The practical implication: if your healthcare AI system processes de-identified data only, you eliminate HIPAA compliance risk. A radiology AI model trained on 100,000 chest X-rays with all patient identifiers removed is not subject to HIPAA, because the data is not PHI. However, de-identification is a one-way process. Once you remove the identifiers, you cannot re-link the data back to patients for clinical use. This works for population-level analytics and research, but not for real-time clinical decision support.
For real-time AI in healthcare, you will process identified PHI. In those cases, runtime policy enforcement becomes critical. You cannot rely on de-identification to solve the problem.
Real-Time Policy Enforcement and Deterministic Decisions
The key technical innovation for healthcare AI compliance is deterministic runtime policy. Before an LLM receives any prompt, a policy engine evaluates it against a ruleset and makes a decision: ALLOW, BLOCK, CONSTRAIN, or LOG. This decision must be made before the LLM processes the data.
A concrete policy might be:
- ALLOW: Send clinical note summaries to an LLM if they contain only chief complaint, vital signs, and assessment impression.
- BLOCK: Reject any prompt containing full pharmaceutical history, genetic information, or psychiatric records without explicit approval.
- CONSTRAIN: If a prompt contains a Social Security number, hash it and replace with a pseudonym before sending.
- LOG: Record all decisions for audit.
The ALLOW decision should be fast (under 500ms) and deterministic (same input, same decision every time). This removes human error from the compliance process. Developers cannot accidentally send a full patient record. Policies are enforced consistently across all users and all systems.
Business Associate Agreements and Third-Party LLM Vendors
If your healthcare AI system uses a third-party LLM (OpenAI, Anthropic, Google, etc.), you need a Business Associate Agreement with that vendor. The BAA must require the vendor to implement the same HIPAA safeguards as your organization. Specifically, it should require:
- Encryption of ePHI in transit and at rest.
- Access controls limiting access to authorized personnel only.
- Audit logging for all access.
- Notification requirements if a breach occurs.
- Prohibition on re-using or re-disclosing PHI (except as required by law or the BAA).
- Right to audit and inspect.
Most commercial LLM vendors do not offer BAAs. OpenAI's ChatGPT Enterprise now offers BAA support for healthcare customers. Google Vertex AI and Microsoft Azure OpenAI offer BAA-compliant options with safeguards: data exclusion from model training, configurable log retention based on your policy, and organization-scoped access. These options add value for healthcare, but cost more and may have higher latency compared to public endpoints.

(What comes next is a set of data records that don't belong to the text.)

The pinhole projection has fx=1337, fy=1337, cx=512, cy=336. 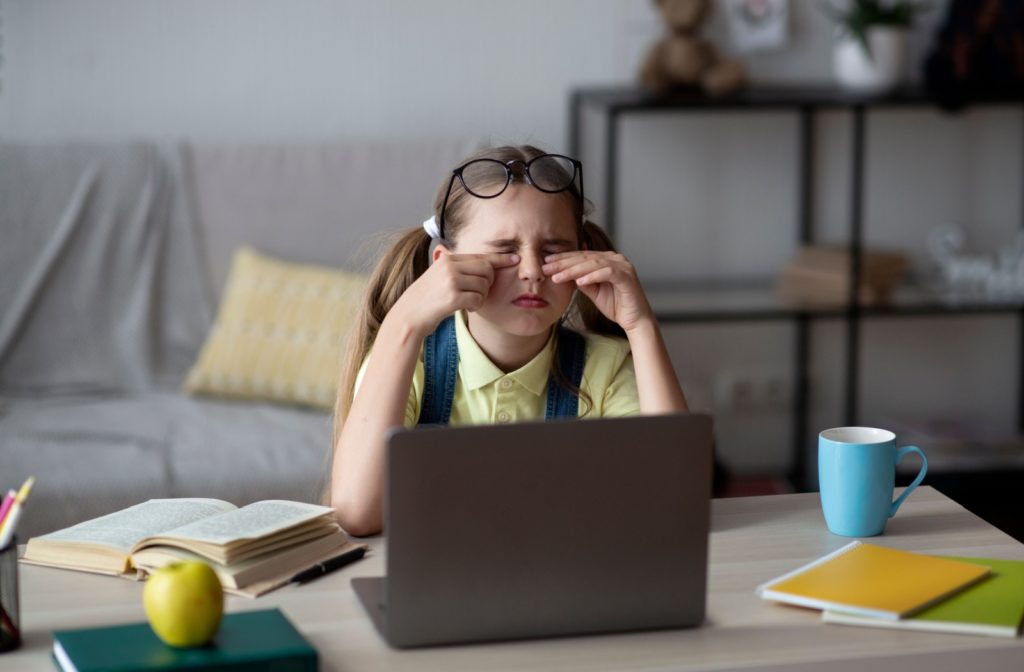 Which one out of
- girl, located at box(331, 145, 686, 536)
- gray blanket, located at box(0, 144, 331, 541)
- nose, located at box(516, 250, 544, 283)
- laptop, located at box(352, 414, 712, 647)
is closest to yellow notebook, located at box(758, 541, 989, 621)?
laptop, located at box(352, 414, 712, 647)

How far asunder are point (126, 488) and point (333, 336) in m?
0.58

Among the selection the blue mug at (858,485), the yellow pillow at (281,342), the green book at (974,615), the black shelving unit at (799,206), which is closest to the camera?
the green book at (974,615)

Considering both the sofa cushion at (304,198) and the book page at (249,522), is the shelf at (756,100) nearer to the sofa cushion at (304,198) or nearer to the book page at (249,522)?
the sofa cushion at (304,198)

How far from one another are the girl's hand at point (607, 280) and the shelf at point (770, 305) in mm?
1430

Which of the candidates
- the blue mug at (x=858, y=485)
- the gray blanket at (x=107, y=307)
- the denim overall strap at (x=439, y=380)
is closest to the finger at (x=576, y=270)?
the denim overall strap at (x=439, y=380)

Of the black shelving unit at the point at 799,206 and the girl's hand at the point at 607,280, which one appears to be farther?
the black shelving unit at the point at 799,206

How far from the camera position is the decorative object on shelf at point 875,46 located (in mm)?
3105

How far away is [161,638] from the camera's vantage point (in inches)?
40.4

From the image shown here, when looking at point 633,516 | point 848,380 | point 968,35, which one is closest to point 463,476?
point 633,516

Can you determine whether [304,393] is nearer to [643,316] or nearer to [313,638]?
[643,316]

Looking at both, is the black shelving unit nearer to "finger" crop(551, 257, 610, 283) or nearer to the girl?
the girl

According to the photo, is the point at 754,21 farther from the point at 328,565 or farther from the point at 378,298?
the point at 328,565

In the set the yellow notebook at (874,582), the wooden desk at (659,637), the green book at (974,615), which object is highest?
the yellow notebook at (874,582)

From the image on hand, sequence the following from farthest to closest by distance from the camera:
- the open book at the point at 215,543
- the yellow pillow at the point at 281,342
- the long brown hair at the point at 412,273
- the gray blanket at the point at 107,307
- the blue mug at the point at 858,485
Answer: the yellow pillow at the point at 281,342, the gray blanket at the point at 107,307, the long brown hair at the point at 412,273, the blue mug at the point at 858,485, the open book at the point at 215,543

If you cannot obtain a BAA from your LLM vendor, you have two options: (1) use a different vendor with BAA support, or (2) de-identify all data before sending it to the LLM. Option 2 avoids the BAA requirement but prevents real-time patient-specific AI.

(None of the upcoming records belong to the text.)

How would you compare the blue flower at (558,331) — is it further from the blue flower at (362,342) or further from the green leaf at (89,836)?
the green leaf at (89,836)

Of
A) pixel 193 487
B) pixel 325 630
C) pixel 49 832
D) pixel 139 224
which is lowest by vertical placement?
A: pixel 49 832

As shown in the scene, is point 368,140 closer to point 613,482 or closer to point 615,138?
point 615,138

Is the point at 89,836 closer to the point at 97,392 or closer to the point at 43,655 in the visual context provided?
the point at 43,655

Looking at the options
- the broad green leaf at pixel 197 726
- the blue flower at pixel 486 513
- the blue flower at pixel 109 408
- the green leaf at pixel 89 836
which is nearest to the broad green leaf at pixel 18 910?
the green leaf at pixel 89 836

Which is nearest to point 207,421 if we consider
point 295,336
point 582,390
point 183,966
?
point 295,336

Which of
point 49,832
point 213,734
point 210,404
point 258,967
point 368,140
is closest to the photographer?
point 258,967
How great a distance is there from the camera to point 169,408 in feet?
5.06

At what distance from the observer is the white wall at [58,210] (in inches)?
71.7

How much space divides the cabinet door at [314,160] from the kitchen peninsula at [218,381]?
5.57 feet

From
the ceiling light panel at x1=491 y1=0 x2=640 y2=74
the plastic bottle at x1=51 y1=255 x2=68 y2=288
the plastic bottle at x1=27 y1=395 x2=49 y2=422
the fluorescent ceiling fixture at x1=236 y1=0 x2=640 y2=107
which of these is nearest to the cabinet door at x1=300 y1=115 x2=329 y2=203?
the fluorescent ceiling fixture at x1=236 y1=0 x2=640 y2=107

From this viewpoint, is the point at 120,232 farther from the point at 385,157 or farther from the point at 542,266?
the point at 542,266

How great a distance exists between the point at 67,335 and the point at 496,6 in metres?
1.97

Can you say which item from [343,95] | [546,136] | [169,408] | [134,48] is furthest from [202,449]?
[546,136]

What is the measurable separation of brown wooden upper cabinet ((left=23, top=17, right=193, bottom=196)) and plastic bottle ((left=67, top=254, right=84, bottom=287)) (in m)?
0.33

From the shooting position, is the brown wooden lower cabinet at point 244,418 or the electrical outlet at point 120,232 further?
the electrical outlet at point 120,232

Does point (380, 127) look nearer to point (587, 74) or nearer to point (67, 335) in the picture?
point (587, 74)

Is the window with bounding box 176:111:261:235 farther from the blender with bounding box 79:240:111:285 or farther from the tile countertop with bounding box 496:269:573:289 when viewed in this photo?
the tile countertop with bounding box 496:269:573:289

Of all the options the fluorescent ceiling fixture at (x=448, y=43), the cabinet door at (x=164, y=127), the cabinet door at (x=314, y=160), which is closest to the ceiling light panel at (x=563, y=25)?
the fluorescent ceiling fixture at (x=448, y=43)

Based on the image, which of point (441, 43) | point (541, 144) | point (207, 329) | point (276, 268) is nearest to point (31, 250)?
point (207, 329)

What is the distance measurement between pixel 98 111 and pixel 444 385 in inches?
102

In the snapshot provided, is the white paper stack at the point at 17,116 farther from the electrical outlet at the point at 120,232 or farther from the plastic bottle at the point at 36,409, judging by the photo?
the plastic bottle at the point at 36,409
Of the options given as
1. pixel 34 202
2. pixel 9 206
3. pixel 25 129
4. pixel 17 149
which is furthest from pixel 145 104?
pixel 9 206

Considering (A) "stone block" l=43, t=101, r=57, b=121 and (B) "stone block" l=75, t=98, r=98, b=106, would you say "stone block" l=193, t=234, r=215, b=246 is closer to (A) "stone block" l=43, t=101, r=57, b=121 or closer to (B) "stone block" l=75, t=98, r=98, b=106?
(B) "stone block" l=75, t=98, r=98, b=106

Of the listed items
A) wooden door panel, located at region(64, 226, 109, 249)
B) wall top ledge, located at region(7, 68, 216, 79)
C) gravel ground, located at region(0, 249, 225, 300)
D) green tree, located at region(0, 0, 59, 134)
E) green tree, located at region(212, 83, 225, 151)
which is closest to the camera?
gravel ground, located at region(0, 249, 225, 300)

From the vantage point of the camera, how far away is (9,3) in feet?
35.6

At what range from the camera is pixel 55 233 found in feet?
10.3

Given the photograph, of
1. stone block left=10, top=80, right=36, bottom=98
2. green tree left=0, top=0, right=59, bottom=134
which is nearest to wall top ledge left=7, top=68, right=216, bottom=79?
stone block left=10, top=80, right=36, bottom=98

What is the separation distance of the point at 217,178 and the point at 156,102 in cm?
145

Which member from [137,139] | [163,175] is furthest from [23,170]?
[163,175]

Implementing Compliant Healthcare AI Workflows
A reference architecture for HIPAA-compliant AI looks like this:
-
Data Classification: Tag all data in the EHR or clinical system as PHI or non-PHI. Include metadata about sensitivity (e.g., "psychiatric," "HIV status," "genetic").
-
Policy Definition: Write explicit policies defining what data can flow to AI systems and under what conditions. Example: "Diabetes prediction models may access age, BMI, blood glucose, and HbA1c; psychiatry and genetics data are blocked."
-
Runtime Policy Engine: Deploy a policy layer (often a proxy or sidecar) that inspects every request before it reaches the LLM. Block, allow, constrain, or log based on policy.
-
Audit Logging: Log every policy decision, including the data fields, the decision (ALLOW/BLOCK/etc.), and the timestamp. Store logs in tamper-proof storage for at least 6 years (HIPAA retention requirement).
-
Breach Detection: Monitor logs for policy violations (e.g., attempts to send blocked data). Alert security teams immediately.
-
Vendor Management: Ensure all LLM vendors have signed BAAs and comply with audit logging requirements. Conduct periodic risk assessments.
-
Employee Training: Train clinical and IT staff on HIPAA requirements for AI. Include incident response procedures if a breach occurs.
Healthcare organizations often implement steps 1 and 2 but skip steps 3 through 6. This creates compliance exposure. A policy on paper is worthless if no technical enforcement layer prevents violation. Runtime policy engines close this gap by automating compliance.
Regulatory Trends and Future Compliance
Regulators are paying attention to healthcare AI. The FDA has published guidance on AI in medical devices. The Office for Civil Rights (OCR), which enforces HIPAA, has not yet issued specific regulations on LLMs, but enforcement actions are likely as breaches are discovered. Several healthcare organizations have already faced OCR audits after disclosing AI-related data handling practices.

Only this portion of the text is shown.